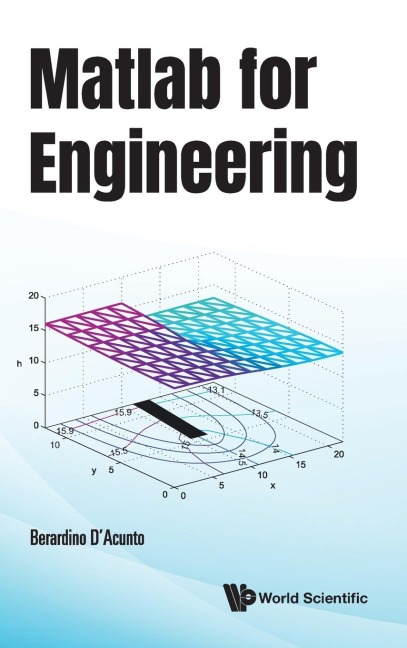MATLAB FOR ENGINEERING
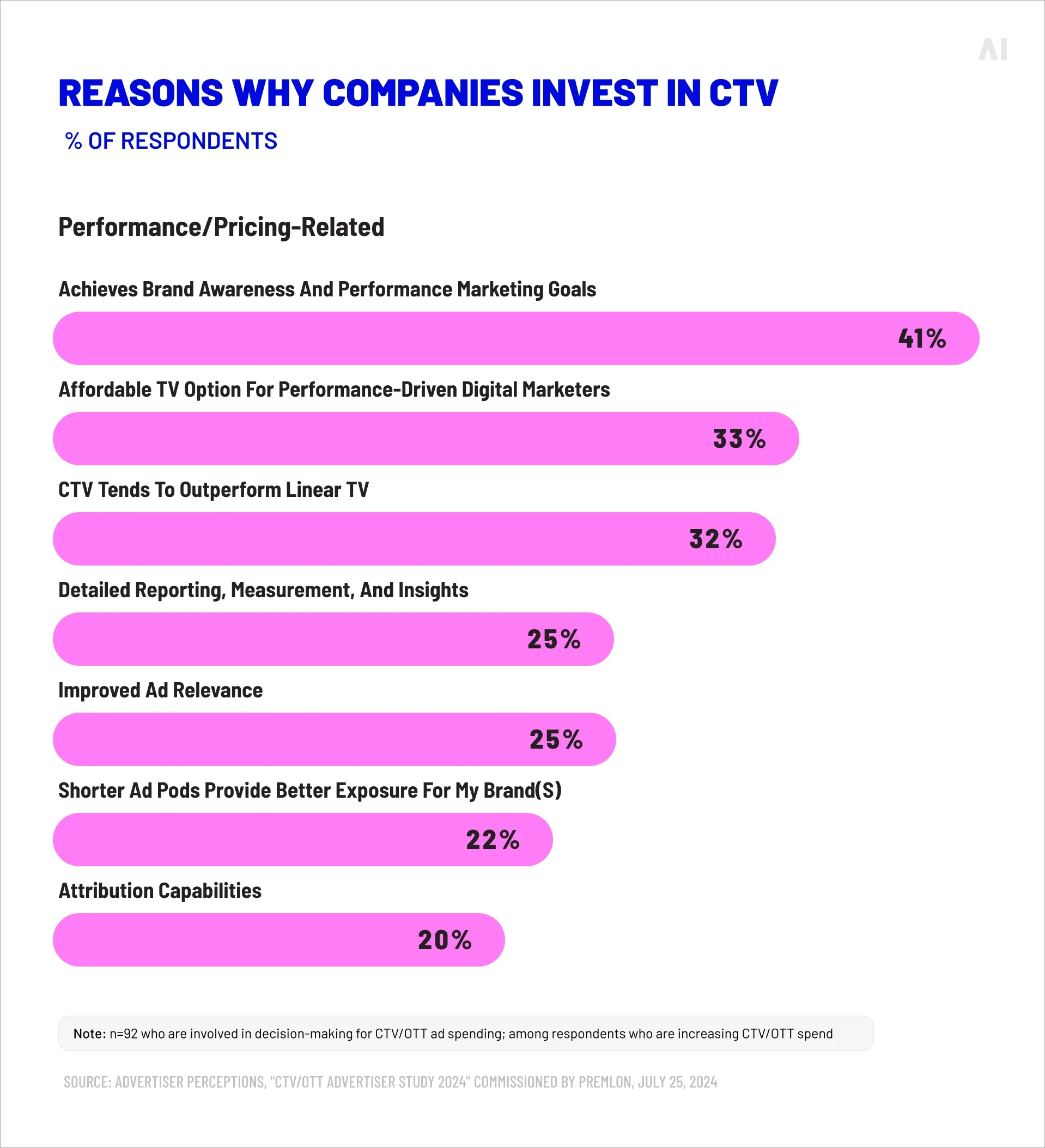Reasons why companies invest in CTV 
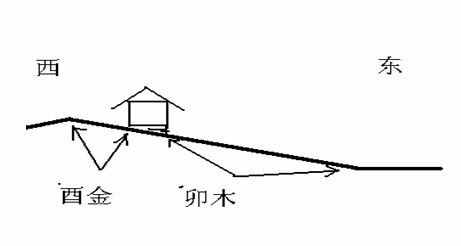 風(fēng)水基礎(chǔ)，用幾張圖教你認(rèn)識(shí)先天風(fēng)水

Task to carry out
Please output the lines from the line that holds "Reasons why companies invest in CTV" through the final line of the material above, both included. Each line must match exactly, and pictures must be excluded.

Task result
Reasons why companies invest in CTV 
 風(fēng)水基礎(chǔ)，用幾張圖教你認(rèn)識(shí)先天風(fēng)水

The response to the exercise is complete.